Back in March, my partner surprised me with VIP, front orchestra-seat tickets to see one of my favorite drag artists, Sasha Velour, perform her spectacular, scholarship-informed stage show titled “The Big Reveal Live.” The package included a meet-and-greet, and I nearly fainted when I first caught glimpse of Sasha in person. Statuesque beyond belief, she wore a breathtaking “Bad Sandy”-inspired black faux leather corset and pant, (paired with matching boots, of course) created by fashion and costume designer Casey Caldwell. She was generous with her time and her words, and the main event remains one of the most impressive, evocative, and inspiring works of art I’ve ever experienced.

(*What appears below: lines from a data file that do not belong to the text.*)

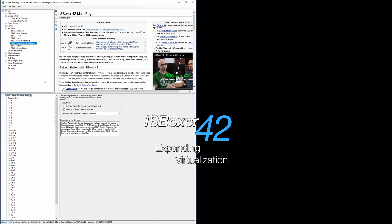Hey everyone, my name is Mirai, and welcome to the ISBoxer 42 video for Expanding Virtualization.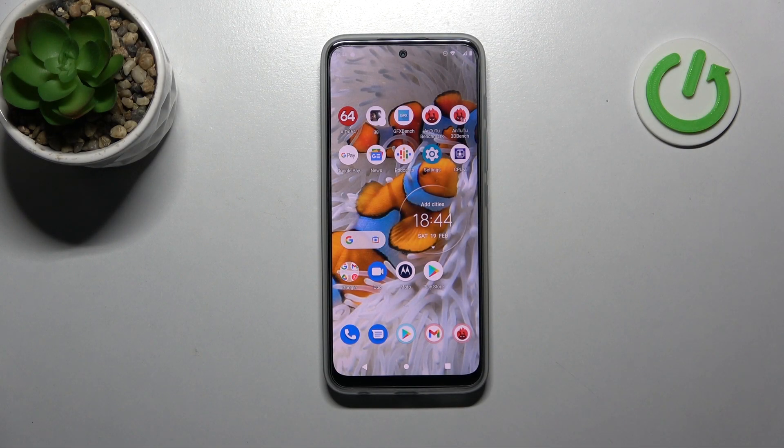Welcome! Today I will show you how to change screen recorder sound settings on a Motorola Moto G71.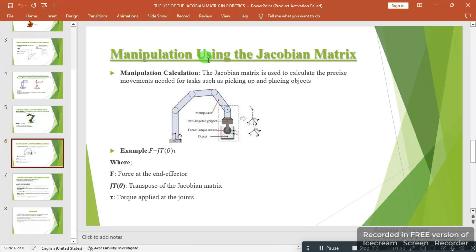Here we talk about manipulation. Manipulation in robotics refers to the ability of a robot to interact with and modify its environment through physical interaction — this includes tasks like grasping and lifting of objects, as we can see in the image, and moving objects from one location to another. In this case, the Jacobian matrix J relates the joint torques to the forces and moments at the end effector, through the following equations, where F is the transpose of the Jacobian matrix multiplied by the torque — at the different orientations: orientation x, orientation y, and orientation z, also shown in the image.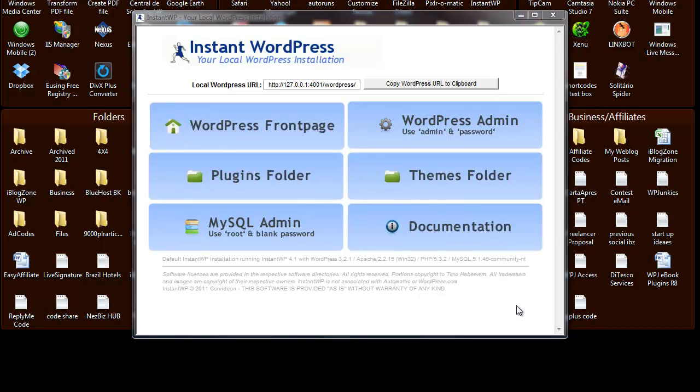Hello everyone, this is Ditesco from MyBlogZone. Today I want to show you an example of how to use one of the several features that you can do with Instant WordPress.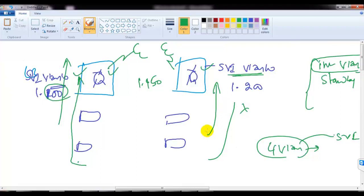It's all about how you implement, configure, and plan things as per your requirements and network needs. How you plan the deployment depends on your specific environment and design goals.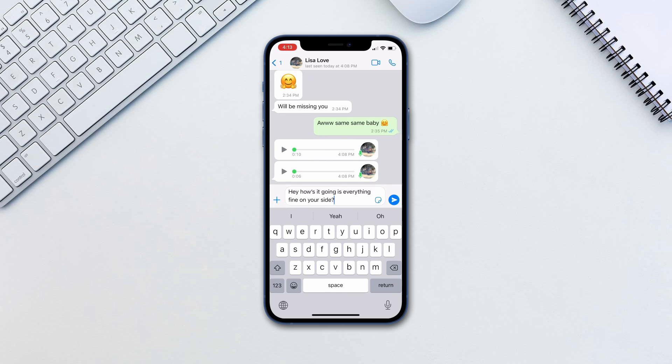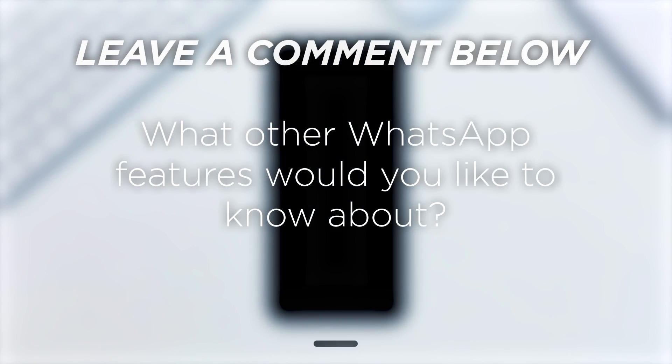You get to use your voice, the recipient gets to read the message. What other WhatsApp features would you like to know about?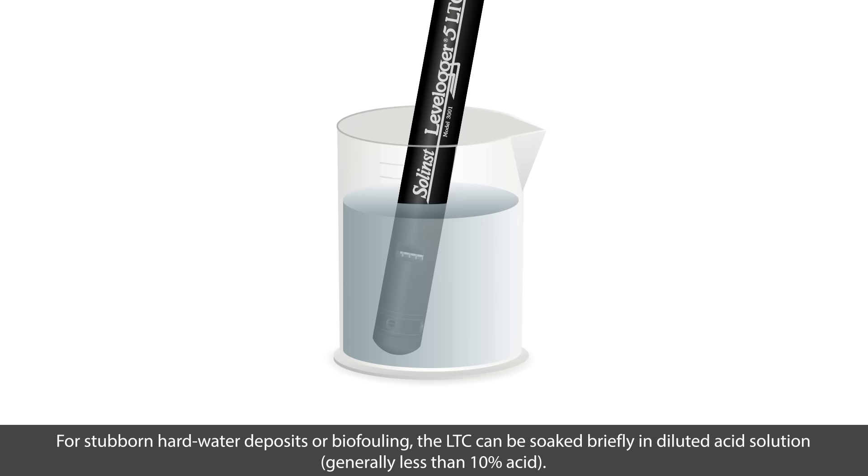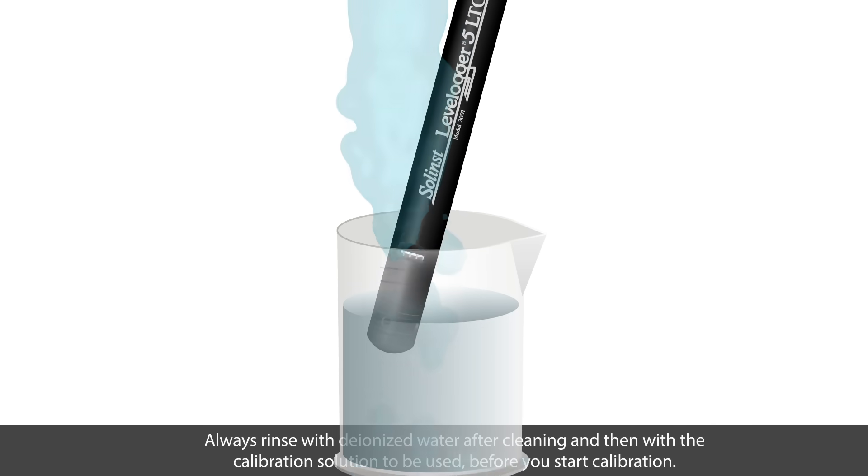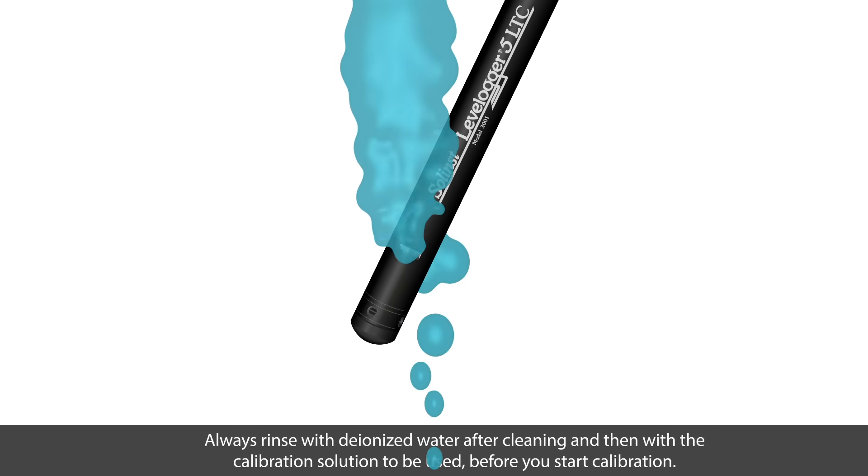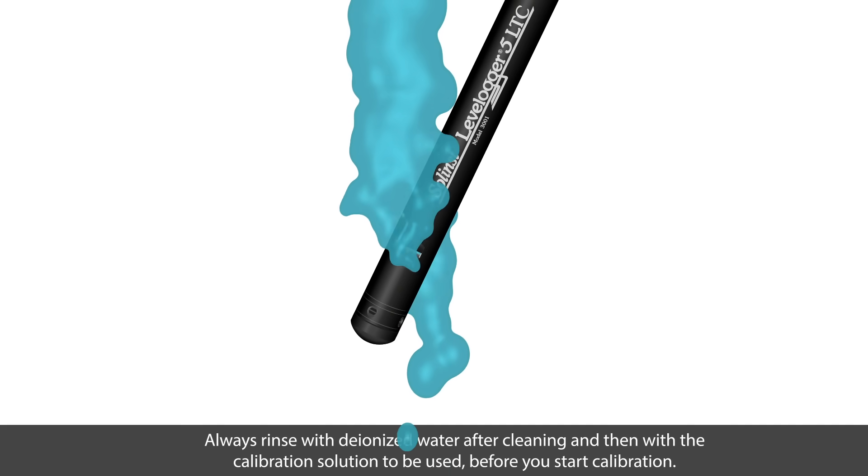For hard water deposits or biofouling, the LTC can be soaked briefly in diluted solution of less than 10% acid. Always rinse with deionized water after cleaning and then rinse again with the calibration solution to be used before you start calibration.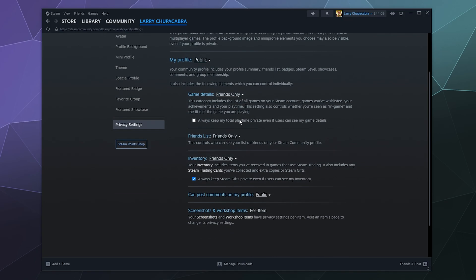And then down here as you go along, you can change it so that only your friends can see your game details, what games you've been playing, what game you're currently in, along with how long you've been playing that game. I currently have mine set to friends only.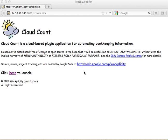CloudCount is a cloud-based system, which means it runs in the cloud. Actually, it runs on the desktop, but the data for CloudCount is stored in the cloud, and at present for this demo, the cloud happens to be in Dallas, Texas.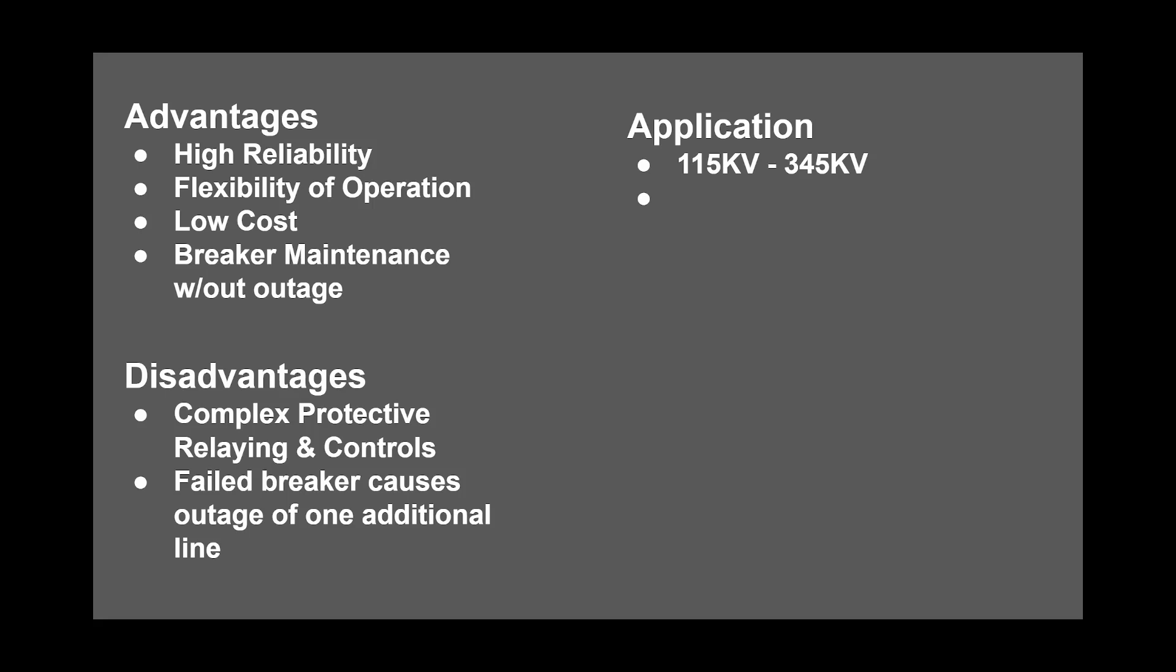Disadvantages of this configuration include: complex protective relaying and control, and a failed breaker during a fault causes outage of one additional circuit.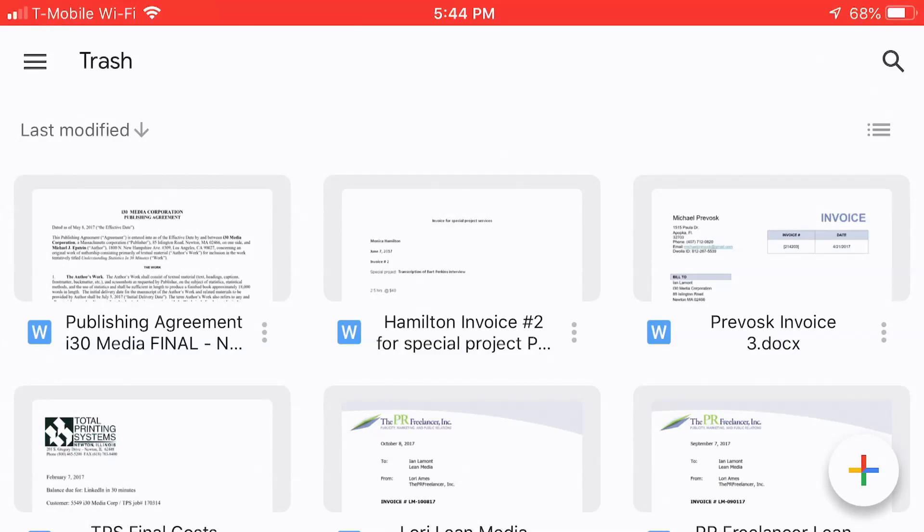For more tips on how to get the most out of Google Drive and Google Docs, Google Sheets, Google Slides, Google Forms, and Google Sites, I have it all in my book, Google Drive and Docs in 30 Minutes, available from In30Minutes.com. Thank you so much for watching.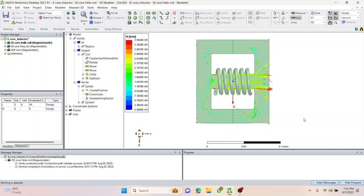Hello everyone, welcome back to my channel. It's been a long time since I've posted videos. Now I'm here with this new series and this time we are going to deal with e-core transformers. But before we step into e-core transformers and see the circuitry around them, we'll learn the basics first — how to build the e-core itself. If we do just a single winding, it will be known as an e-core inductor, since primary and secondary are missing. So let's start with the e-core inductor.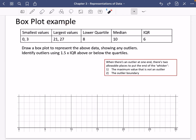Now we're going to do a quick example of drawing some box plots. I'm going straight in with this data and try drawing the box plot. The smallest values are 0 and 3 — you'll see why I've got two smallest values here. The largest values are 21 and 27. They've told me the lower quartile, the median, and the interquartile range, so they haven't given me everything I need, but they've given me a lot. It says draw a box plot to represent the above data, showing any outliers — I think that's why they've given two values for both of these.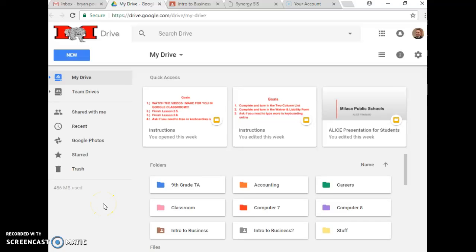Okay students, today you're going to have a lesson on Google Sheets as we're going to begin probably two weeks worth of learning about Google Sheets. And a lot of you still remember this from 7th grade computers.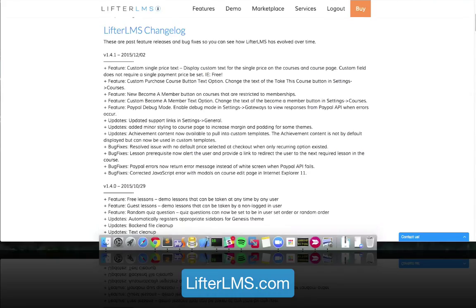Hello everyone and welcome to a LifterLMS release. This is December 2nd, 2015, and in this quick video we're going to go over some of the main new features, updates, and bug fixes coming with release of LifterLMS version 1.4.1.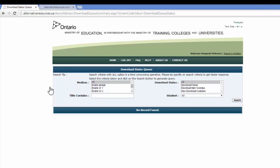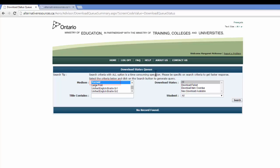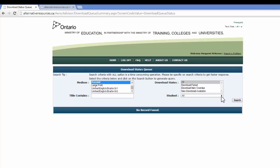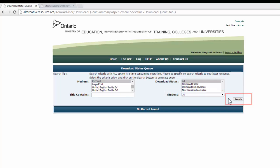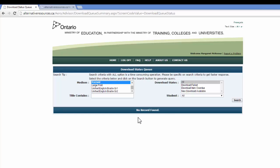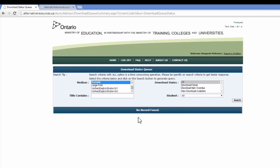I don't have one that's failed right now, but all you would do is make your selections here. You could look for Kurzweil and download failed, perhaps the name of the student, pop over and hit your search, and a list would show up here, and you just restart the download.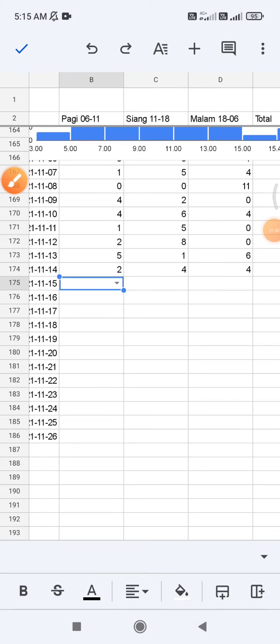Also you can explore the validation feature, it's really cool on Google Sheets. Okay that's it for this tutorial. I hope it's helpful for you.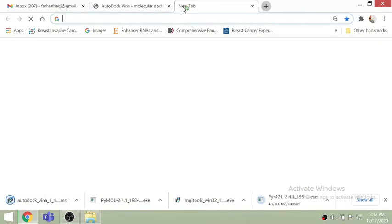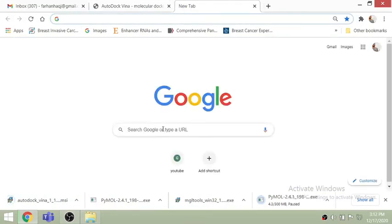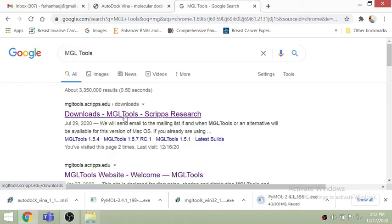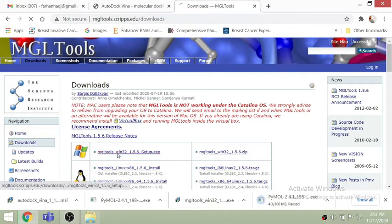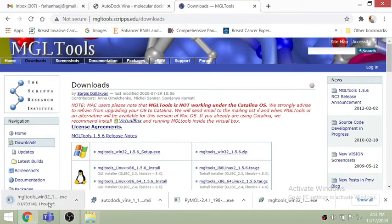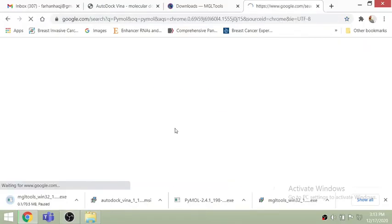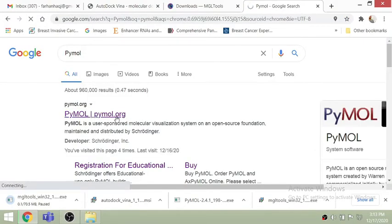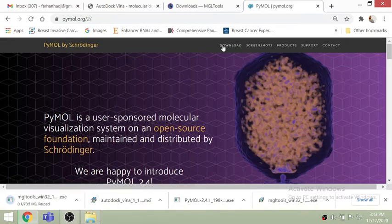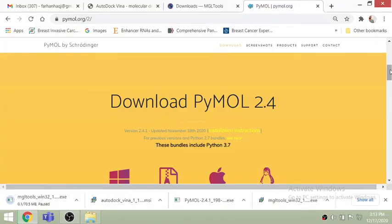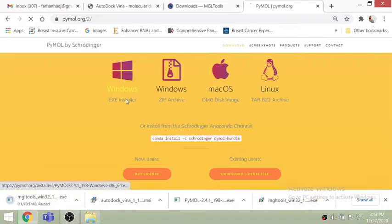First of all, go on the AutoDock website and download the AutoDock version for Windows. There are three tools you need: one is AutoDock, then AutoDock Vina, then you have to go to MGL Tools and download MGL Tools for Windows — download it depending on whether your Windows is 64 or 32 bit. The third thing you need is PyMol. These three things — AutoDock Vina, MGL Tools, and PyMol — are what you need for all your analysis, as AutoDock is an open-source program for molecular docking.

An author, illustrator, designer, and producer, Sasha Velour is perhaps most known for winning season 9 of RuPaul’s Drag Race. Outside of her legendary, rose petal-ladden performance of Whitney Houston’s “I Get So Emotional,” and her charming portrayal of German actress and singer Marlene Dietrich, I think most often about how she used her television platform to discuss gender theory—how drag functions as a tool of both deconstruction and empowerment.
In the weeks leading up to “The Big Reveal Live,” I agonized over what I’d wear to the show, what I’d say to Sasha in our limited but meaningful one-on-one time, and how I’d style my hair and makeup. I turned to social media—TikTok, Instagram, Pinterest—for ideas. Among clips and stills of makeup artists showing off their graphic eyeliner looks, and recreations of Miu Miu’s spring/summer 2023 collection, was meme video after meme video showcasing “girl dinner” versus “boy dinner.” Periodically, the algorithm would deliver me an ad from the LA-based luxury candle brand, Boy Smells. Like the sucker I am, I bought their LES (Lower East Side) candle, which is meant to create an “olfactive exploration that reaches far beyond the binary.”
But when did we become so culturally obsessed with making the binary ironic as a means of rejecting it? And is that really the end goal, the end result here? Just the other day, I heard the term “boy air,” referring to the unhygienic air that fills heterosexual men’s apartments and gives their girlfriends acne each time they spend the night. Have we lost the plot here? Are these gendered terms contributing to our collective infantilization? Am I just needlessly poking at something innocuous? Yet, as I write this, I’m listening to the latest album by the ironically named indie supergroup, Boy Genius, on repeat.
Today’s poem, with its phantom-like repetition and delicate renderings of stereotypically gendered décor, demands our aesthetic attention. It is at once domestic and elemental, modest and suggestive, buoyant and exacting.
Love Poem by the Light of the Refrigerator
by Alisha Dietzman
If you open the door, the light blue light is watery as girls in those limp posters, overhead. I am listening to your memory and it sounds like UNLIMITED ACCESS. I call your name, tenderly. We live in a world with few headboards, left. Their little decency offends me, anyway/anyway I call your name, tenderly. I spit in the sink. The near miss of this always makes my hands cold, loose, and then I feel few—that’s it, that’s what I wanted to say: few.